Error handling checklist
Run through this before finalizing error handling in a new feature:
Detection & Validation
- ✅ Are inputs validated at system boundaries (API, file uploads, user forms)?
- ✅ Does the code fail fast on invalid state or arguments?
- ✅ Are errors detected early, before state corruption?
Error Types & Context
- ✅ Are custom exception types used for domain-specific errors?
- ✅ Do error messages include what, why, and what to do next?
- ✅ Are stack traces preserved when wrapping exceptions?
- ✅ Is sensitive data (passwords, tokens) excluded from error messages and logs?
Handling & Recovery
- ✅ Are transient failures (network, timeout) retried with backoff?
- ✅ Are circuit breakers used for external dependencies?
- ✅ Is there graceful degradation or fallback behavior where appropriate?
- ✅ Are errors handled at the correct layer (API vs. service vs. data)?
Logging & Monitoring
- ✅ Are errors logged with structured context (request ID, user ID, parameters)?

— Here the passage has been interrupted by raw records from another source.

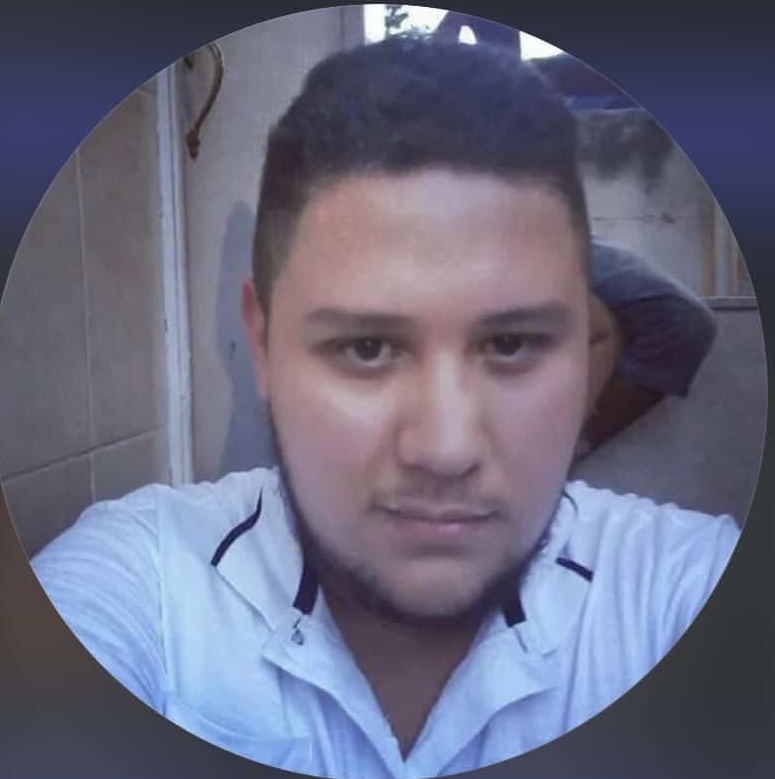 Felipe Santos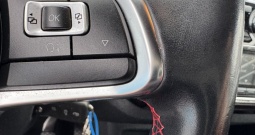 VW Up! 1,0 TSI ⭐ GTI ⭐ Ambi, Grij sjed. PDC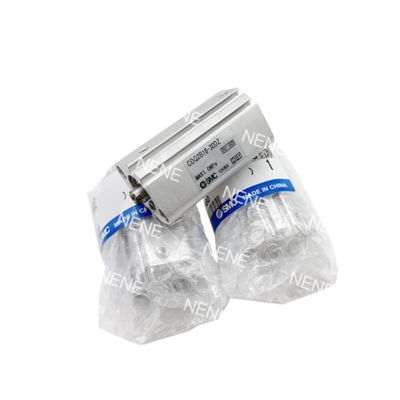 Pour les véhicules à moteur à commande numérique, la valeur maximale de la valeur maximale de la valeur maximale de la valeur maximale de la valeur maximale de la valeur maximale de la valeur maximale de la valeur maximale de la valeur maximale de la valeur maximale.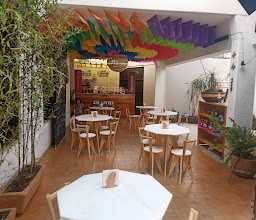 Chilitos & Locos Matriz photo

- ✅ Are critical errors alerting the team via monitoring systems?
- ✅ Are error rates tracked in dashboards?
Testing & Documentation
- ✅ Is every error path covered by tests?

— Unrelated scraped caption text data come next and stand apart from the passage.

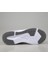 Mp 241-1046 Gri-Beyaz Erkek Sneakers 3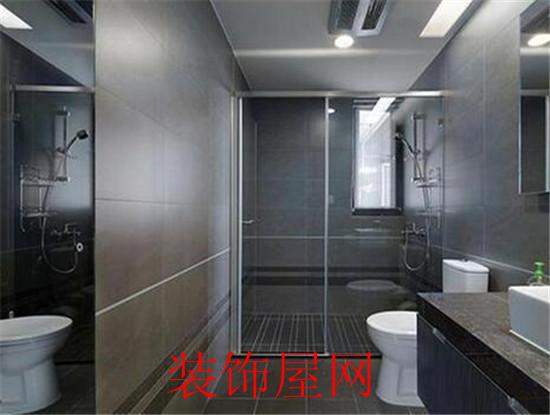 九牧花洒怎么样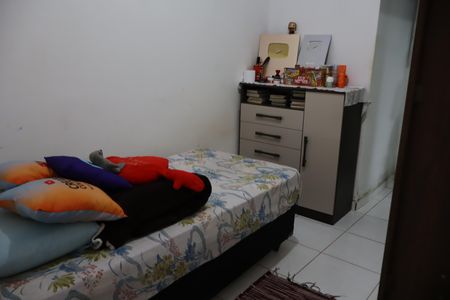 Casa à venda com 150m², 3 quartos e 1 vagaQuarto 2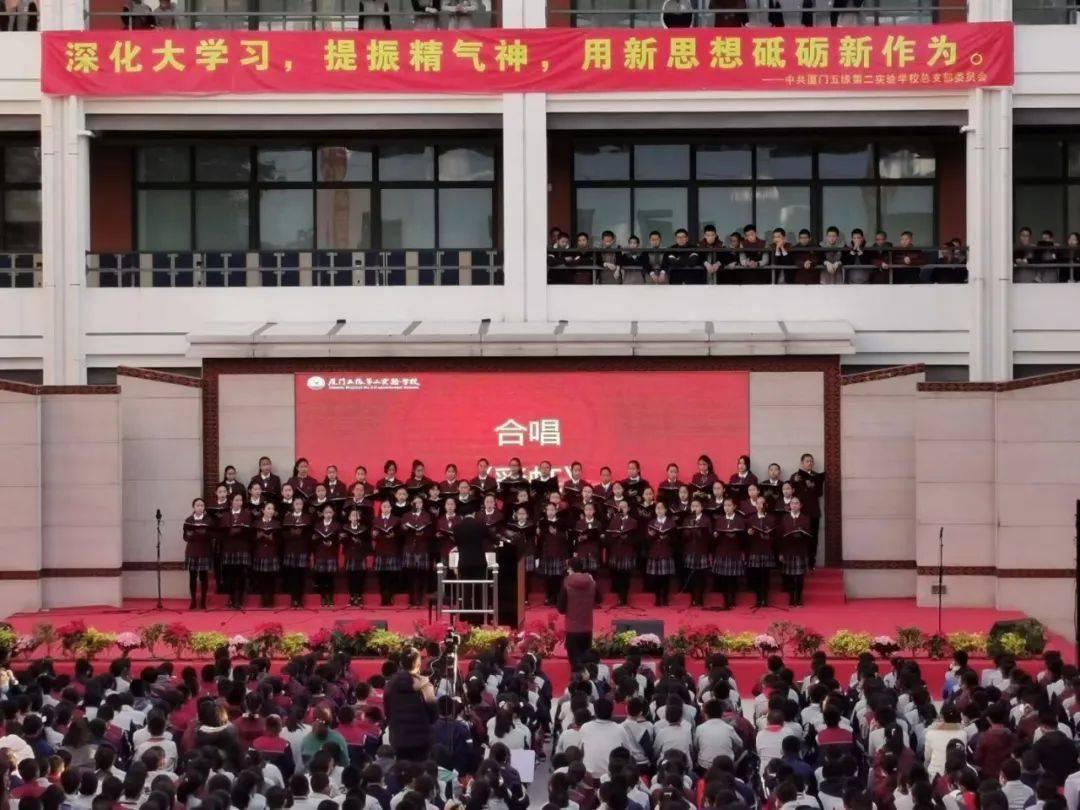 宠物世界聚会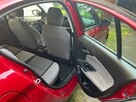 Fiat Tipo 1.4. ,95 km - 8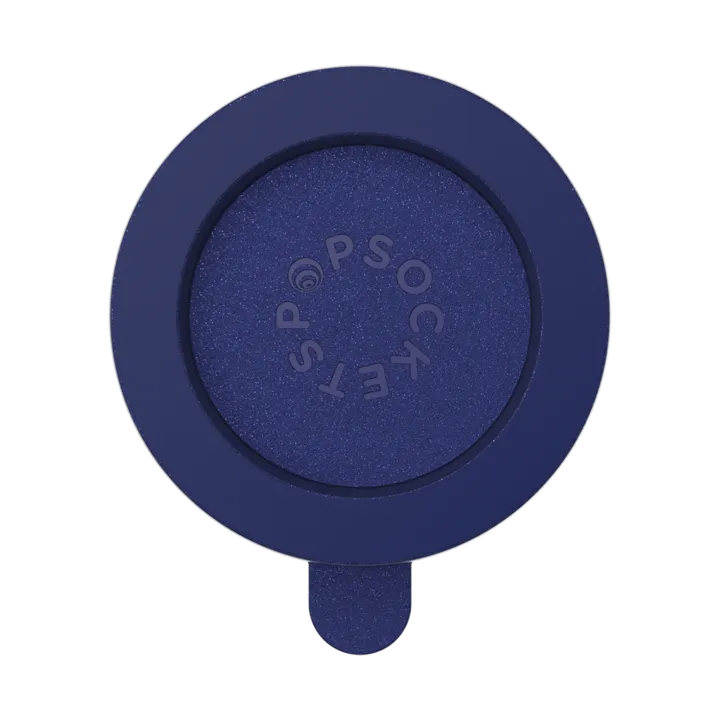 French Navy — MagSafe Suction Mount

- ✅ Are retry and circuit breaker behaviors tested?
- ✅ Are error response formats documented for API consumers?
Further reading
Books
- Release It! (2nd ed.) by Michael T. Nygard — Comprehensive patterns for production stability, including circuit breakers, timeouts, and bulkheads
- The Pragmatic Programmer by Andrew Hunt & David Thomas — Crash early principles and defensive programming
- Site Reliability Engineering by Google — Error budgets, monitoring, and incident response
- Distributed Systems Observability by Cindy Sridharan — Logging, metrics, and tracing for diagnosing failures
Online Resources
- Resilience4j Documentation — Java library implementing circuit breaker, retry, and rate limiting patterns
- Error Handling in Node.js — Official Node.js guide to error handling
- Go Error Handling Best Practices — Idiomatic Go error handling
Research & Standards
- RFC 7807: Problem Details for HTTP APIs — Standard format for HTTP error responses
- Netflix Engineering Blog — Circuit breaker patterns and resilience engineering
Key takeaways
-
Fail fast for bugs, recover gracefully for operations — Distinguish programmer errors (bugs to fix) from operational errors (expected failures to handle).
-
Make errors explicit and contextual — Use specific exception types or Result types; include what failed, why, and what to do next.
-
Handle errors at the right layer — Validate at boundaries, translate at API layers, and centralize logging and monitoring.
-
Retry transient failures — Use exponential backoff for network errors, timeouts, and rate limits.
-
Prevent cascading failures — Implement circuit breakers and timeouts to protect against failing dependencies.
-
Log with structure and context — Include request IDs, user context, and stack traces to enable fast debugging.
-
Test every error path — Errors are part of your API contract; test them as thoroughly as success cases.
-
Never swallow errors silently — Empty catch blocks are bugs. Log, handle, or propagate—never ignore.
Remember: Error handling is not defensive paranoia—it's a design discipline that makes systems safer, more observable, and easier to debug. Every unhandled error is a missed opportunity to build trust with your users and your future self.